Keely Smith was one of the most popular singers of the 1950s and the early ’60s, both as a solo artist and teamed-up with her first husband, Louis Prima. Though she never stopped performing, she’s had something of a resurgence in recent years, releasing three new CDs and electrifying audiences in several engagements at Feinstein’s at the Regency. Now she has returned to the Big Apple for a month-long engagement at a new venue: the Café Carlyle, longtime haunt of the late, great Bobby Short and a favorite of such other powerhouse performers as Elaine Stritch and Barbara Cook.

When I spoke with Smith recently, she had just finished a gig in Florida: “I worked the Colony Hotel in Palm Beach, and I had a week off after that, so I decided to stay down here.” She’s excited about making her debut at the Carlyle. “I had not been there before, but I went to see Steve Tyrell,” she tells me. “Not only was he good, but I fell in love with the room. The maitre d’ is wonderful. I really think I’m going to enjoy being there.”

In her shows at Feinstein’s, Smith was always backed by a big band, but she’s going to have somewhat different instrumentation at the Carlyle. “We’ve got bass, drums, piano, synthesizer, one saxophone, one trumpet, and guitar,” she says. “Actually, I copied Steve Tyrell’s instrumentation, because I liked the sound that he got.” And what of the song selections? “No Sinatra this time. Prima yes, and some Basie things. Also Frankie Valli, James Taylor, and a lot of ballads. Dennis Michaels is my musical director, and I’ve got Jerry Vivino putting the musicians together for me; he’s the guy who plays saxophone on the Conan O’Brien Show.”

Though Smith could probably sell out Carnegie Hall for a night or two, places like the Carlyle and Feinstein’s are just fine with her. “I prefer smaller venues because I like to see the people’s faces,” she says. “In a lot of rooms that I work, I’ll have them take out the spot and raise the houselights. I even do that in some of the big venues. You know, I come from a lounge, and I think I’m still used to the feeling Louis and I used to have when we performed. I don’t like to feel that I’m on stage and everyone is out there; I like to feel that I’m in the middle of the audience and they’re a part of the show.”

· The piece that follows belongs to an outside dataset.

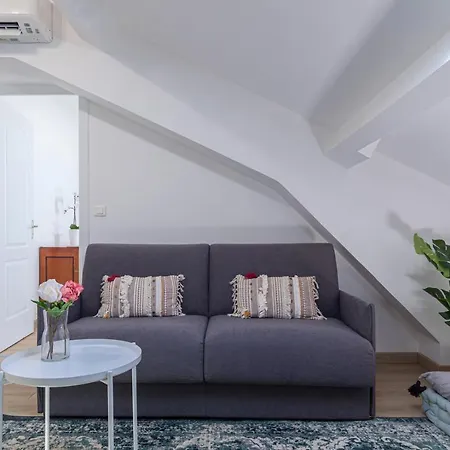 7 Deloye - 2 Pieces Renove - Dernier Etage - Clim Nice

Does she regret that she didn’t work more in film, or on Broadway? “Not movies so much, because you stand around too long waiting to do something. I’ve been interested in Broadway — I played Julie in Show Boat in summer stock, years ago — but my one fear about that is being stuck to the same lines night after night after night. I’m used to being free and saying whatever I want to say, so it would have to be a doggone good show for me to do it. I wish someone would do a show like The Ziegfeld Follies. That would be perfect for me.”

Whether or not Broadway is in her future, Smith shows no signs of slowing down. “I work in New York, Chicago, San Francisco — wherever there’s a venue I like. I live in Palm Springs, but I love New York so much. I always think, someday, I’m going to wind up living there.”

This city would be lucky to have her on a full-time basis. When Smith won a Nightlife Award in 2005, she flew in especially to perform at the ceremony, singing (among other things) “That Old Black Magic” with Tony Danza as a stand-in for Louis Prima. Needless to say, the crowd went wild. “I love what I do,” she says. “I’m pretty outspoken and honest. Nobody ever knows what I’m going to say up there, including me. I just do what I want to do, and I’m very happy doing it.”